[Twisted-Python] Bloody Twisted Tree (VFS)

Jonathan Lange jml at mumak.net
Sun Jul 6 19:26:00 EDT 2008


On Mon, Jul 7, 2008 at 1:12 AM,  <glyph at divmod.com> wrote:
>
> On 07:32 am, jml at mumak.net wrote:
>>
>> On Sat, Jul 5, 2008 at 3:27 AM, Andy Gayton <andy at thecablelounge.com>
>> wrote:
>>>
>>> On Mon, Jun 30, 2008 at 9:06 PM, Jonathan Lange <jml at mumak.net> wrote:
>
>>>  * The primitive interface for IO should be producer/consumers,
>>> replacing readChunk, writeChunk.  This interface is primitive enough
>>> to express all other interfaces, while still providing the opportunity
>>> to optimize streaming performance.  The producer/consumer interface
>>> will need to take an offset to allow readChunk and writeChunk to be
>>> implemented.
>>
>> It would be nice to have things so that readChunks and writeChunks
>> (plural) could be implemented, to avoid potato programming.
>
> I don't think this is actually going to be a practical consideration, if I
> correctly understand what you mean.  For one thing, the producer/consumer
> interface is going to be something (very vaguely) like this:
>
>   remoteFile.writeFrom(producer[, offset, length])
>   remoteFile.readInto(consumer[, offset, length])
>
> This means that if you've got a really giant file, the implementation could
> pretty trivially optimize delivering it to you in the most efficient
> possible way, keeping all the relevant buffers full at every opportunity.
>  Given that stream-based I/O is somewhat inherently serial, it's difficult
> to get less potato-y than that.
>
> writeChunks, if I understand it, would be pretty trivially implementable by
> saying
>
>   remoteFile.writeFrom(MultiChunkProducer(chunks))
>
> Mapping 'readChunks' and 'writeChunks' to readv and writev in my head, I'm
> not really sure what a 'readChunks' would actually do, since we copy memory
> every time we sneeze in Python anyway.  We're not going to have preallocated
> buffers to read into.

Well, one theoretical advantage is that it can avoid roundtrips in
cases where the remote file server supports a readv-style operation. I
can't think of any servers that do this at the moment (maybe the bzr
smart server? does http 1.1 allow this?), so maybe it's not an issue.
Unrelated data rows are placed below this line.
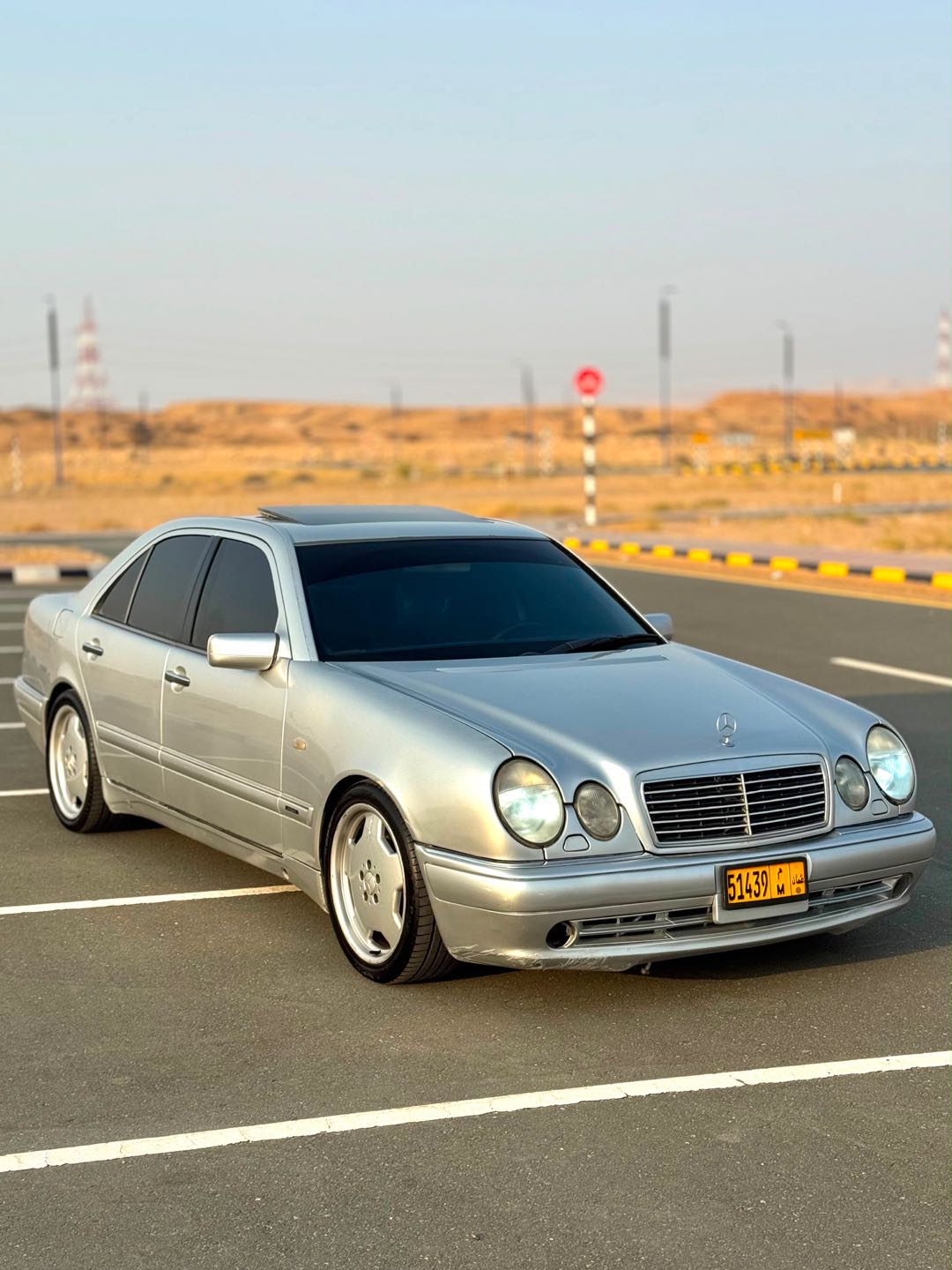 Car Image 1998 MERCEDES E Class 500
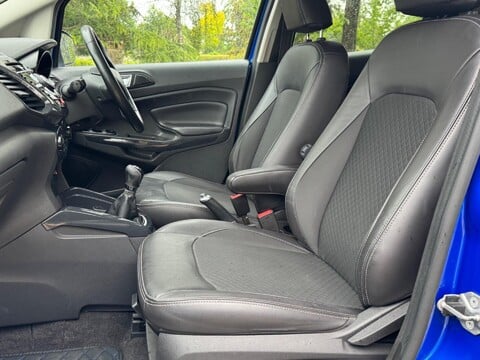 Ford Ecosport TITANIUM 14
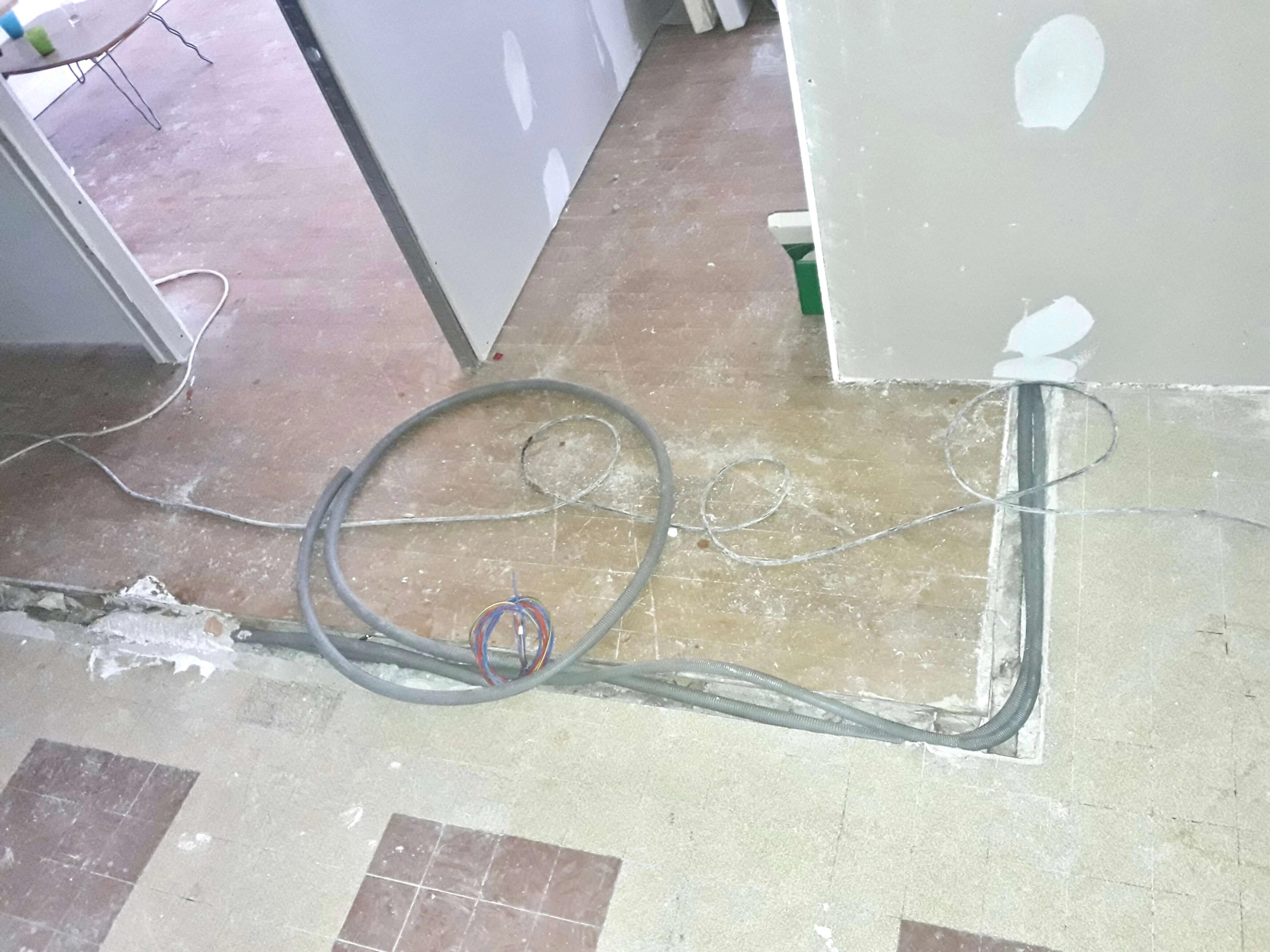 encastrement gaines electriques, chambres meublées,Grenoble encastrement gaines electriques, chambres meublées,Grenoble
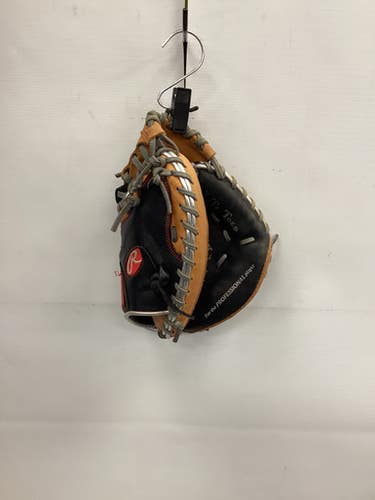 Used Rawlings R9 SERIES BB/SB Catchers RH Throw None 32" 11851-S000041484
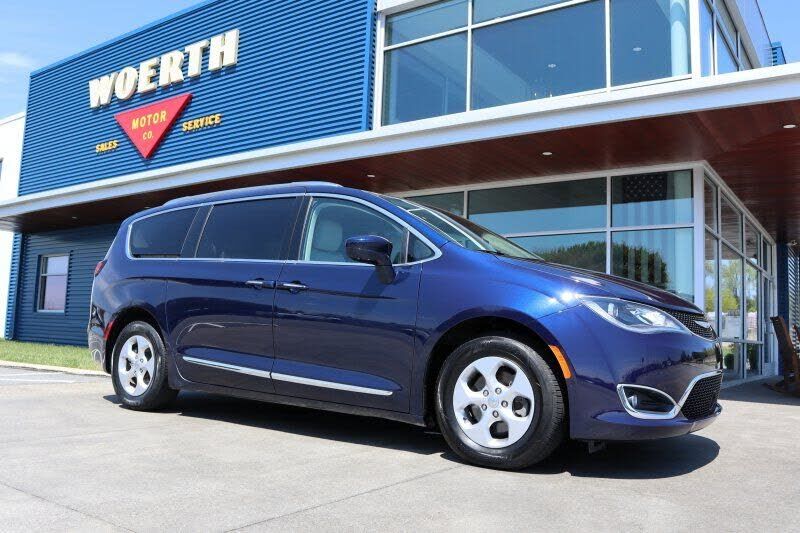 2017 CHRYSLER Pacifica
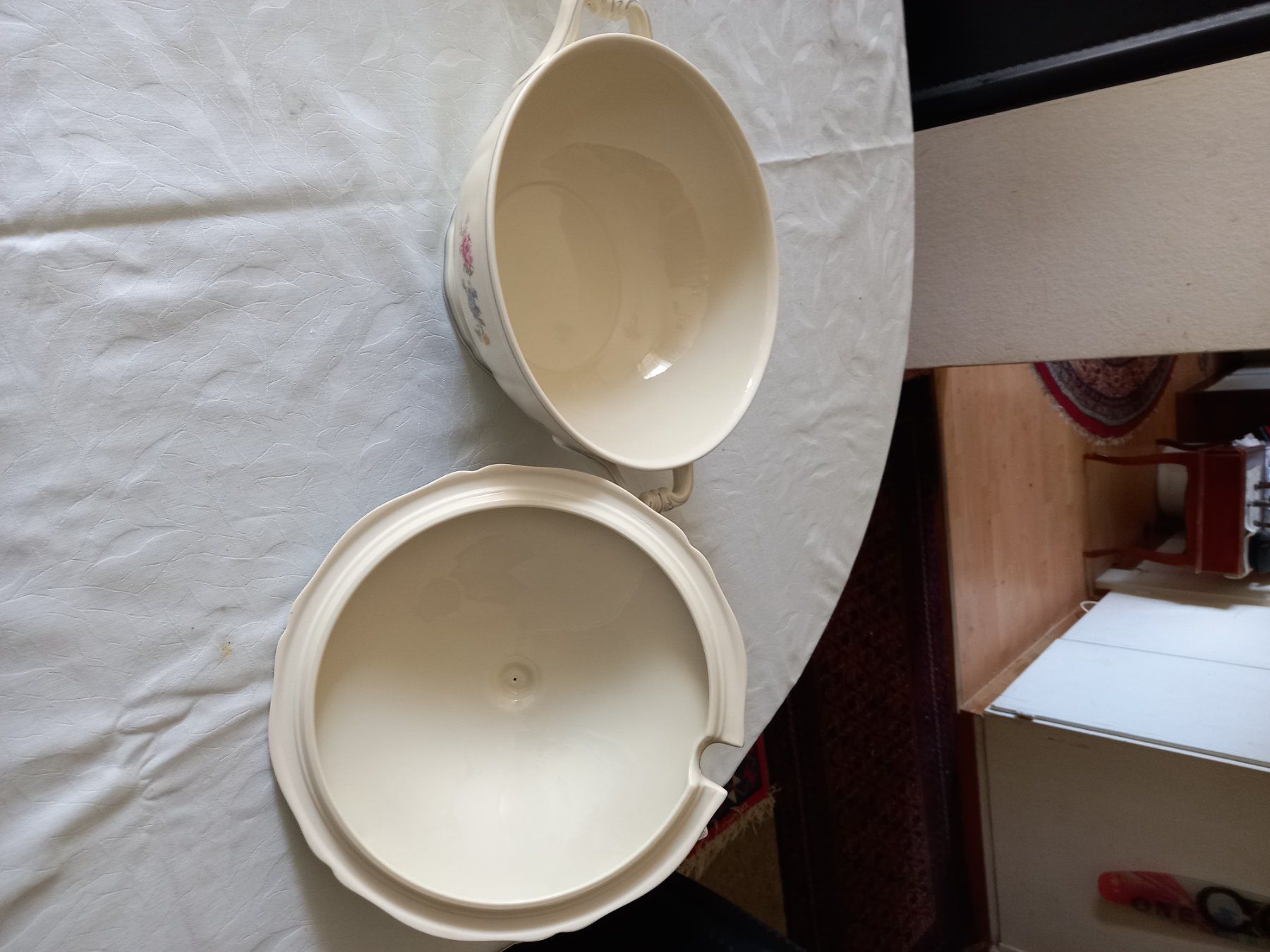 Rosenthal Ciotole: Handgemalt Rosenthal CHIPPENDALE  Henkel Suppeschussle. – Usato da Bern venduto da Imamrashed 3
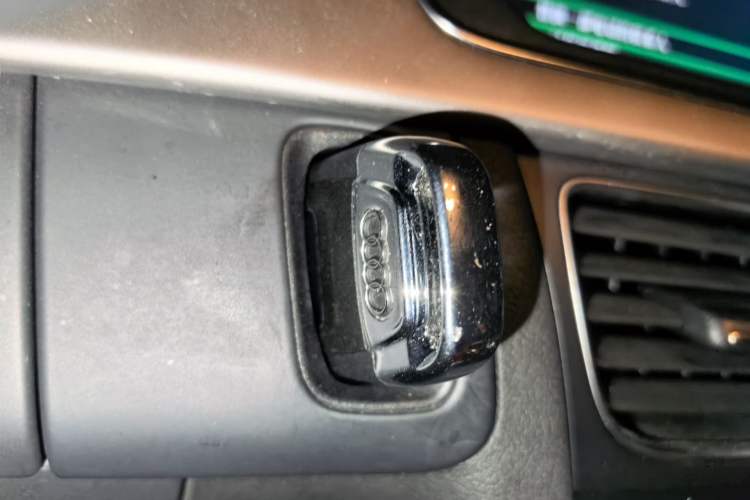 Used Audi A4 2014 40 TFSI allroad quattro plus version Vehicle Key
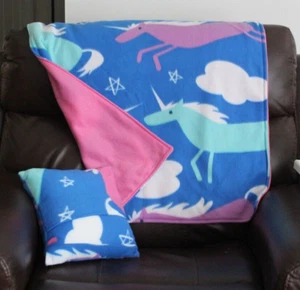 Lanzamiento de unicornio con almohada 12x12 verde azulado rosa 29 x 31 cochecito de bebé tiro polar - Imagen 1 de 5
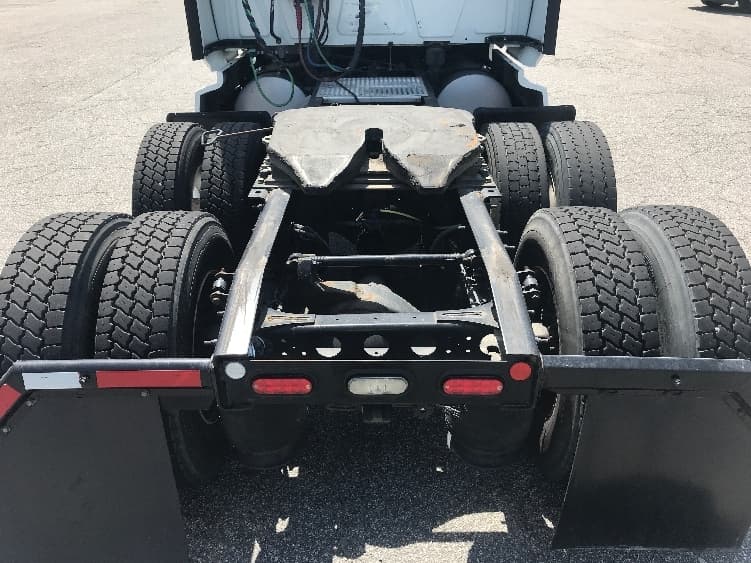 2020 International LT — photo 6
>> This reminds me, it would be good for VFS to have an exception for
>> "this operation isn't supported" (say with symlinks on fat32) and
>> another exception for "supportable, but not actually implemented yet".
>
> I don't think it's useful to distinguish between these two types of
> exception at *runtime*.  The use-case I can see for distinguishing is
> letting a programmer know that they should figure out something that might
> be tricky to implement and write some wrappers or submit some patches.
>  Perhaps a separate error message, rather than a separate exception type?
>  Do you have a different use-case?
>

The first kind should skip tests, the second kind should fail tests.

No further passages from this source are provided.